Questo contributo ha come scopo principale quello di puntare un cono di luce, deciso e abbagliante, sulla carenza della tutela preventiva e protettiva, che deve essere concreta ed urgente verso i minori e le persone poste in posizione di vulnerabilità.

Ciò va inteso senza limitazione di genere, o inclinazione sessuale, riguarda tutti, nessuno escluso.

Senza allarmismi, riguarda i genitori che ignari delle insidie di cui sono ancora intrisi gli spazi parrocchiali e di vita comunitaria vi affidano i propri figli. Spazi da non potersi realisticamente reputare protettivi e, teniamo a sottolineare, non limitabili alle responsabilità di prevenzione e contrasto imputabile alla sola chiesa cattolica.

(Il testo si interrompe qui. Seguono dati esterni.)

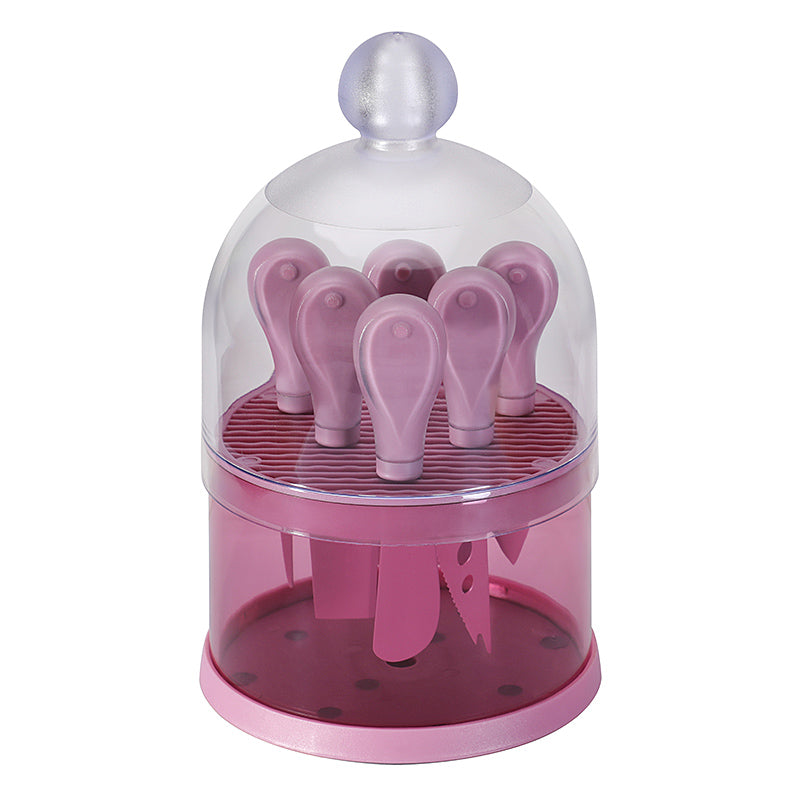 6-Piece Cheese Knife Set with Transparent Dome Stand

Tuttavia seppur convinti che i predatori sessuali, sono tutti uguali, con o senza abito talare, occorre prendere atto che lo stato delle cose non impedisce loro né di colpire, né di ripetere il crimine.

E’ altrettanto importante evidenziare che “Spotlight on Italian survivors” così come ogni attività posta in essere dall’Associazione, trattando o rimandando ad inchieste giudiziarie, a procedimenti penali non ancora conclusi, induce a ritenere innocenti tutte le persone citate a vario titolo – consacrate e non -  seppur condannate nei primi gradi di giudizio.

Nel nostro ordinamento, infatti, la presunzione di innocenza copre l’intera vicenda processuale.

E questo principio facciamo nostro.

               Il direttivo della Rete l’Abuso

No thanks, I’m not interested.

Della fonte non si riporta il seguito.